Square Coins一个DP问题分析

问题描述：

People in Silverland use square coins. Not only they have square shapes but also their values are square numbers. Coins with values of all square numbers up to 289 (=17 ²), i.e., 1-credit coins, 4-credit coins, 9-credit coins, ..., and 289-credit coins, are available in Silverland.

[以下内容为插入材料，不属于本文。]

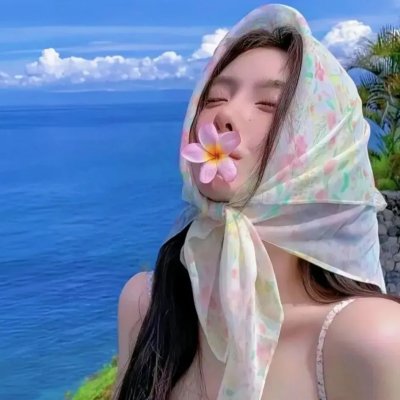 村主任和他的女友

There are four combinations of coins to pay ten credits:

ten 1-credit coins,
one 4-credit coin and six 1-credit coins,
two 4-credit coins and two 1-credit coins, and
one 9-credit coin and one 1-credit coin.

Your mission is to count the number of ways to pay a given amount using coins of Silverland.

Input

The input consists of lines each containing an integer meaning an amount to be paid, followed by a line containing a zero. You may assume that all the amounts are positive and less than 300.

Output

For each of the given amount, one line containing a single integer representing the number of combinations of coins should be output. No other characters should appear in the output.

Sample Input

2
10
30
0

Sample Output

1
4
27

问题分析：

这个问题是个典型的动态规划问题，从底往上推就行了。
这个问题的关键是建立递推式：
二维数组w，其中w[i][j]代表使用<=i*i的币值的钱币来付款j元钱的的可能的方法数
这样我们对w[i][j]来构造递推式：
w[i][j] = sum { w[i-1][j-k*i*i] } 其中k=0,1,... j-k*i*i >= 0
这个个含义是使用<=i*i的币值的钱币付j元钱的方法数，就是我用0...k个i*i币值来
替换掉以前用<=(i-1)*(i-1)币值的等额的钱 来付j元钱的方法数。而用i*i替换出等
额钱的方法数，其实就是用<=(i-1)*(i-1)币值的钱来付j-k*i*i的方法数。
理解这个公式也就很容易理解代码了。

cpp 代码

#include<iostream></iostream>
using namespace std;

int w[18][301];

void NumOfMethod(){
     int i,j,k;
    /*初始化w的值，用<=1币值显然有一种方法，j=0初始化为1的原因是，
      w[i][j] += w[i-1][j-k*i*i]，如果j-k*i*i == 0,即用k个币值为
      i*i的硬币恰好可以替换所有的所有的硬币来支付，这个方法数是1而不是0，
      这比较特殊，与用<=(i-1)*(i-1)币值的钱来付j-k*i*i的方法数不相等*/

    for(i = 1; i < 18; i++)
        for(j = 0; j < 301; j++){
           if(i == 1 || j == 0)
               w[i][j] = 1;
           else
               w[i][j] = 0;
        }
    //下面就是从底往上推的一个过程了:
    for(i = 2; i < 18; i++)
        for(j = 1; j < 301; j++)
            for(k = 0; j-k*i*i >= 0; k++)
                w[i][j] += w[i-1][j-k*i*i];

}
int main(){
    int n;
    NumOfMethod();
    while(cin>>n,n){
      cout << w[17][n] << endl;
    }
    return 0;
}

 

     当然如果想节省空间可以用两个一维的数组交替使用来替换掉w那个二维数组。